Plaintiffs also point to Timmreek v. Munn, 433 F.Supp. 396 (N.D.Ill.1977), in which the court denied motions to dismiss made by banks furnishing financing for lot purchases in a development. Relying on McCown, the court held that although banks engaged in the normal course of their business would be exempt from the Act, plaintiffs would be permitted to prove that the banks exceeded the norm and actively participated in or aided the perpetuation of the fraud, or acted in such a manner as to assist in the “luring” of purchasers for the development.

The district court determined that the language of sections 1703 and 1709 of the Land Sales Act differed considerably from that of section 10(b), especially with respect to the limited scope of liability imposed by the Land Sales Act for fraudulent misstatements and omissions. While the Securities Exchange Act’s general anti-fraud section applies to “any person” who engages in prohibited practices in connection with the sale of securities, the Land Sales Act applies only to developers and their agents. Thus, the district court reasoned, the Land Sales Act provisions evinced a narrower congressional purpose and could not be reasonably extended, consistent with its language, to cover a broad spectrum of participants in land developments.
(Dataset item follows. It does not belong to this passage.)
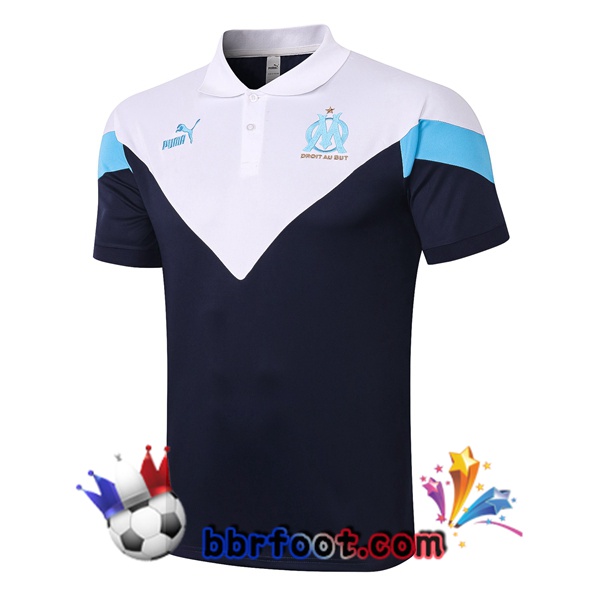 Polo Foot Marseille OM Bleu Royal Blanc 20/21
The court found McCown to be distinguishable on its facts, for in that case, the defendants were “classic insiders” of the corporate developer, while the banks and Brock could not be seen 'as having relationships with Castle Kress or Matthews that would compare to the defendants’ relationship to the developer in McCown.

We need not decide whether an aiding and abetting claim is available to plaintiffs under the Land Sales Act. Even if we were to. follow the reasoning of McCown, as the plaintiffs have urged, we believe that the trial judge properly entered summary judgment for Brock and the banks.

The court in McCown believed that aiding and abetting liability could be established by proof that defendants provided “knowing assistance of or participation in a fraudulent scheme.” McCown v. Heidler, supra, at 207, quoting Kerbs v. Fall River Industries, Inc., 502 F.2d 731, 740 (10th Cir. 1975). Plaintiffs have asserted, without having submitted affidavits countering those submitted by defendants, that inferences could be drawn from depositions of Brock and officers of the banks as well as from documents obtained in discovery that raise sufficient issues of fact to defeat the summary judgment motions. They claim that the assistance rendered by these defendants to the primary violators of the Act was their silence and inaction during the period of time when lots were sold to plaintiffs by virtue of inaccurate and incomplete statements.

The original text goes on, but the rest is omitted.